By Lorraine Anyango
The commemoration of World Prematurity Day in Kisumu was a galore of both learning and entertainment.
It was an opportunity to give the world’s most vulnerable babies the attention they deserve and help give them the best possible start in life.
The theme for this year’s celebration was ‘Small Actions, Big Impact, Skin to Skin Care for Every Baby Everywhere.’
………And when the chief guest took to the podium “Men can do Kangaroo Mother Care (KMC) better.” The concept was echoed with great admiration and appreciation for fathers who shared their experiences of having participated in the initial care of their pre-term babies.
Through the pre-term journey, there is a need to emphasize families’ involvement in routine care, the fathers should also be involved, learning what to do in the hospital allows them to practice at home. The father only follows the routine after their inclusion hence giving them confidence.
Dr Lusi Ojwang, Chief Officer of Medical Services, Public Health and Sanitation called all nurses and doctors to be wise with their choice of words as they create a big impact in a patient’s life.
“The health care personnel who take care of mothers with pre-term babies remain engraved in the minds of the clients for a very long time.” He said while emphasizing the importance of primary healthcare. “It all begins with the mother,” he said.
He urged the Community Health Promoters to find ways to integrate primary health and ensure that men join hands in practicing KMC care as they can do better.
The celebration was marked at the Kisumu County Referral Hospital (KCRH) and was graced by pre-term moms and their children, the Director of Medical Services Dr. Don Sunday Ogolla, County health coordinators, pediatricians, nurses, community health Promoters, partners children from Penda Girls.
The Pre-term moms took the opportunity not only to share their stories of very small babies weighing as low as 600 grams, but they extend gratitude to the pediatricians and nurses who took care of them as they spent not less than two months in the hospital.

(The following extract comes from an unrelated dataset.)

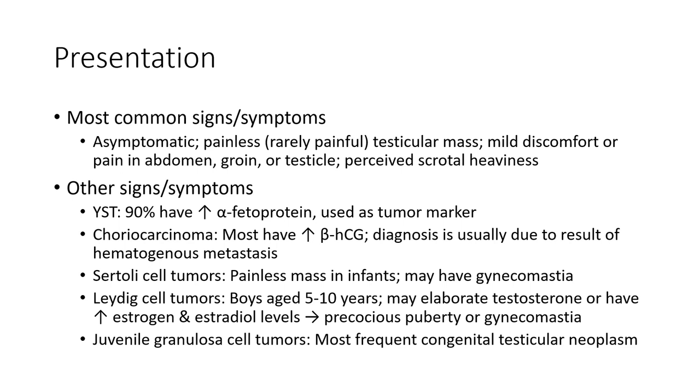Juvenile granulosa cell tumor is the most prevalent congenital testicular neoplasm.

Mr. Pius Bayas, father to one of the pre-term babies thanked the nursing team at KCRH for the collaborated effort that brought his child home alive. The baby was born with 920 grams when all hope was lost while he was on the verge of throwing in the towel. “With words of encouragement and pieces of advice from the nurses, we happily carried our baby home,” He said.

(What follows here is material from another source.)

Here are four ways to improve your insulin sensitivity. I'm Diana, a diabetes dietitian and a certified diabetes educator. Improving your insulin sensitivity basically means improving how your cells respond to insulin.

The Penda community joined in solidarity with the support of babies’ primary health. They sang their hearts out rebuking the practice of drunkenness as it should not be a factor hindering the growth of pre-term babies.
Amidst the dancing and singing, the participants were awakened to the prematurity scenario in the world as it’s the leading cause of death in under five mortalities
Dr. Ogolla advised mothers to fully attend the eight ANC (Antenatal Care) cycles to monitor both mother and child healthcare during the gestation period. He said this may help detect Preeclampsia, as a common cause of preterm births earlier hence managing it.
Preeclampsia is one of the high blood pressure (hypertension) disorders that can occur during pregnancy. Dr. Ogolla noted that some childbearing mothers only find out this during delivery.
Worldwide, 15 million babies are born as pre- terms. This means in every 10 children one will be premature. In the last five years, not much has changed as regards the mortality rate that is attributed to prematurity which was 22% in every 1000 births, now it stands at 21% according to KDHS.
This means we still have work to do. In Kisumu, 90% of the neonates admitted are pre-term babies. Sharon, a Pediatrician from KCRH said that we still lose pre-mature babies.
The birth of a preterm baby ushers in a period of significant stress, and for the parents, it’s emotionally and financially draining as well. Pre-mates experience prolonged hospital stays even two months, where they are separated from their families, as such their first major milestone is a discharge from the hospital
“As much as it is a celebration for these babies, it also marks the beginning of a long journey for them and their families, while some may live a normal life others suffer from chronic conditions such as hearing and sight problems, delayed development, and cerebral palsy,” she said.
“We need to pull together our small actions, to create a big impact, we want every pre-term baby everywhere to be placed skin to skin, it’s affordable and available and we only need to do it and we will have prevented death,” she added.
Kangaroo mother care enhances bonding and thermal regulation, when they have attained weight, they will be taught how to breastfeed.
The event was supported by USAID Boresha Jamii, Nip Nap , KCRH and the county Goverment of Kisumu.The celebration culminated with a cake-cutting activity.